Scraped caption text data:
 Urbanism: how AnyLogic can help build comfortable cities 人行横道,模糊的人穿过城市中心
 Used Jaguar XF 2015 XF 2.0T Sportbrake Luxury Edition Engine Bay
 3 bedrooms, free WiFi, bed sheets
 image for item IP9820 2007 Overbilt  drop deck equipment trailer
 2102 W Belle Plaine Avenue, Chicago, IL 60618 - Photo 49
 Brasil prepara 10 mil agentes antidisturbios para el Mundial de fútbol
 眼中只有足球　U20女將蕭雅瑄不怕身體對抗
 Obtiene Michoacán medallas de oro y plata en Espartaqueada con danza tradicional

--

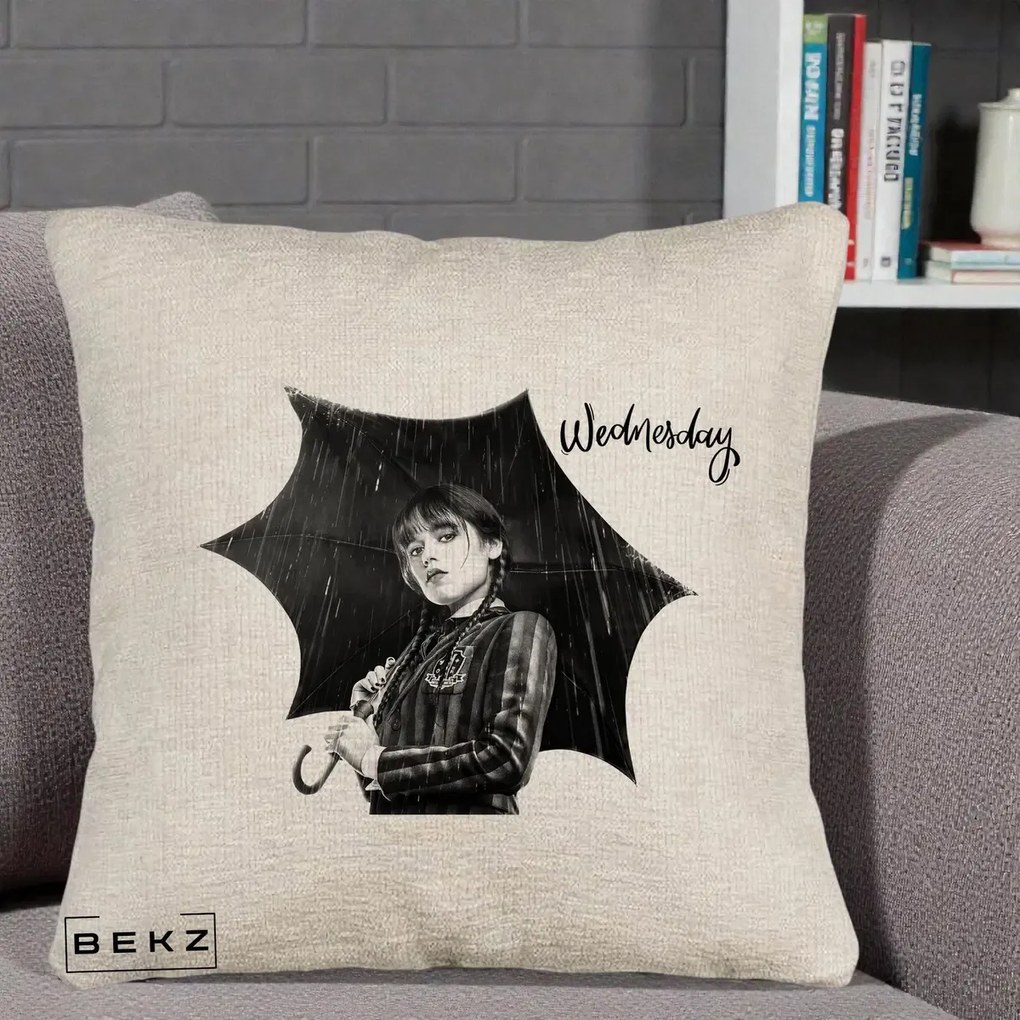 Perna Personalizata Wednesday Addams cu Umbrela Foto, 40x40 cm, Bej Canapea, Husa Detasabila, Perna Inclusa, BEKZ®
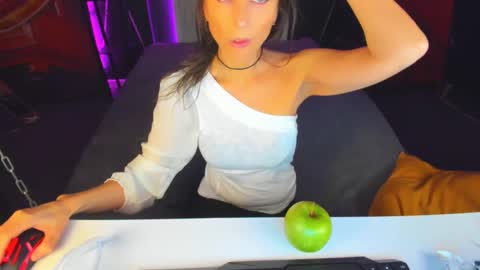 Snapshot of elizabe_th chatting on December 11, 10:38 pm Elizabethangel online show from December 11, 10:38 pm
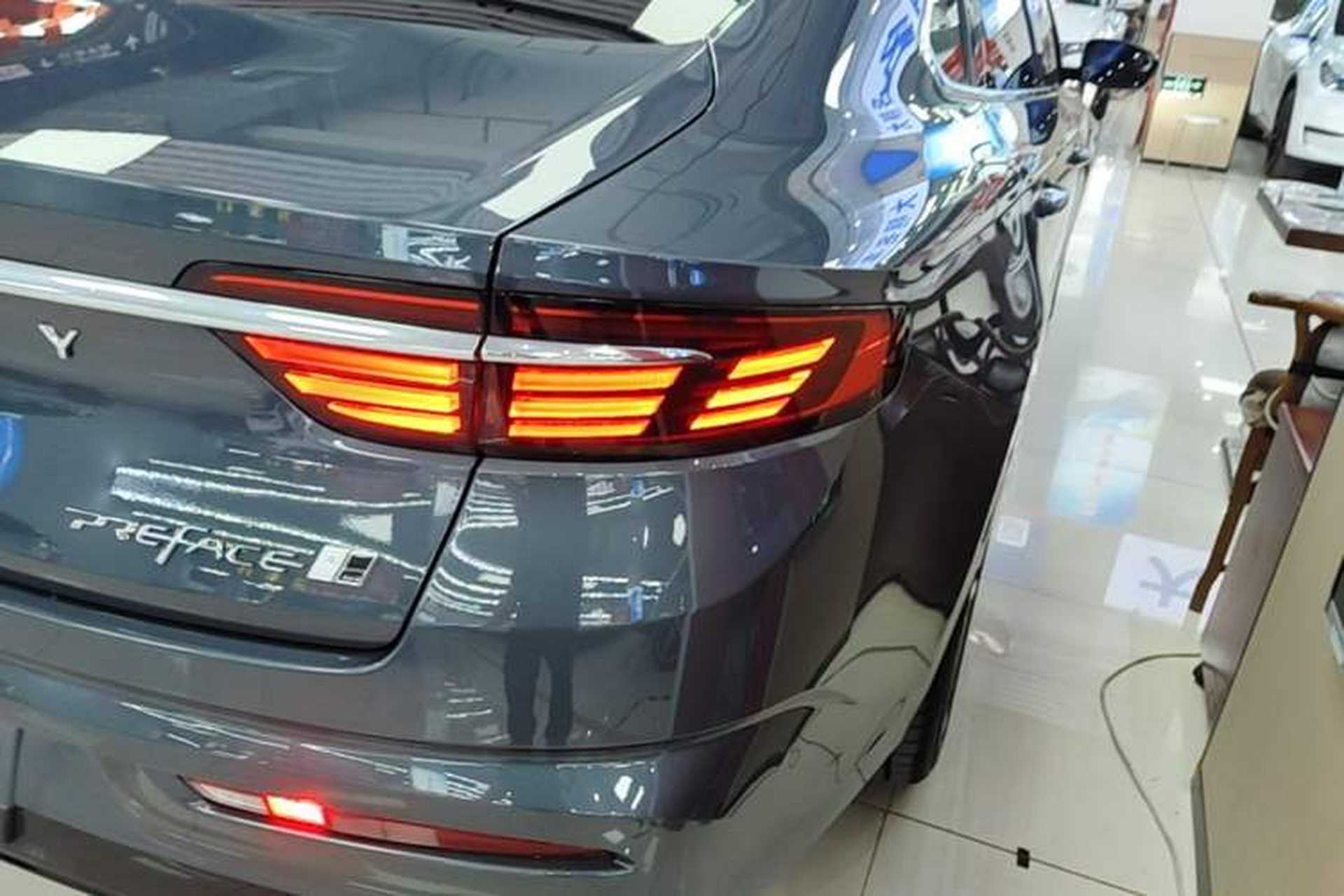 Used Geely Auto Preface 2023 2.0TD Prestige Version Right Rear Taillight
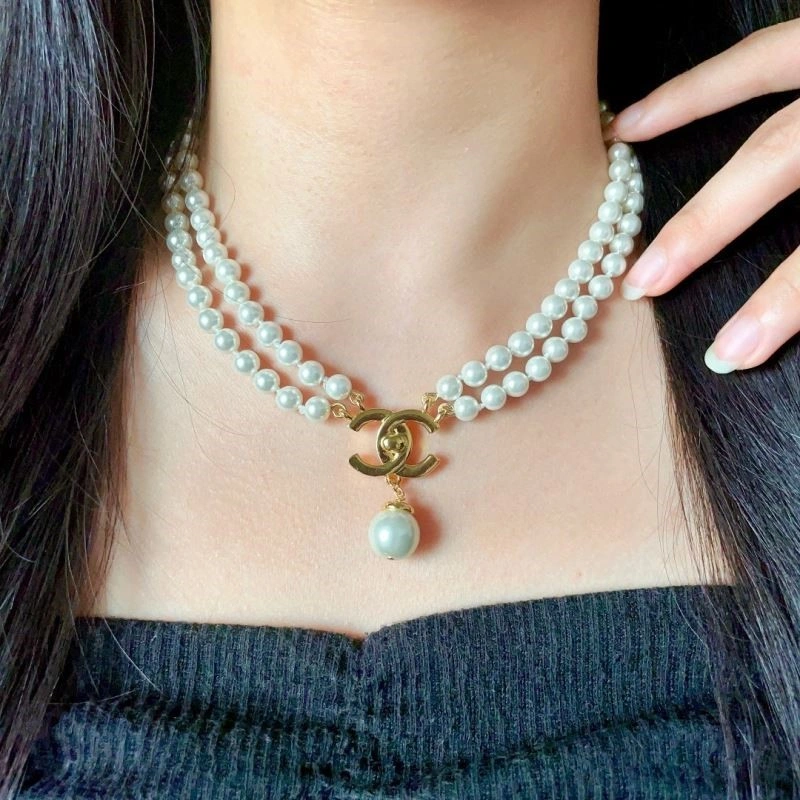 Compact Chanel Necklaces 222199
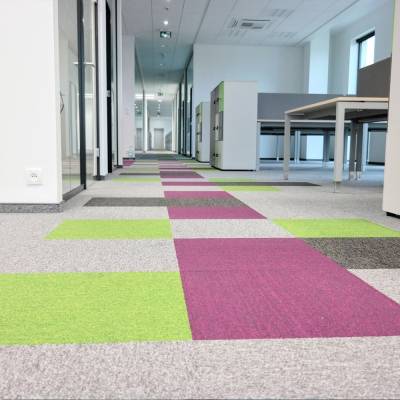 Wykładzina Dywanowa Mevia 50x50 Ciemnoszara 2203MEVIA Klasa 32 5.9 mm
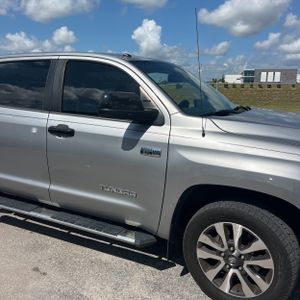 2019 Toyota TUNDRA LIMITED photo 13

[Your task]: Copy word for word the stretch of entries above from the line that has "Urbanism: how AnyLogic" through the line that has "image for item", both ends included, and nothing outside it.

[Solution to the problem]:
 Urbanism: how AnyLogic can help build comfortable cities 人行横道,模糊的人穿过城市中心
 Used Jaguar XF 2015 XF 2.0T Sportbrake Luxury Edition Engine Bay
 3 bedrooms, free WiFi, bed sheets
 image for item IP9820 2007 Overbilt  drop deck equipment trailer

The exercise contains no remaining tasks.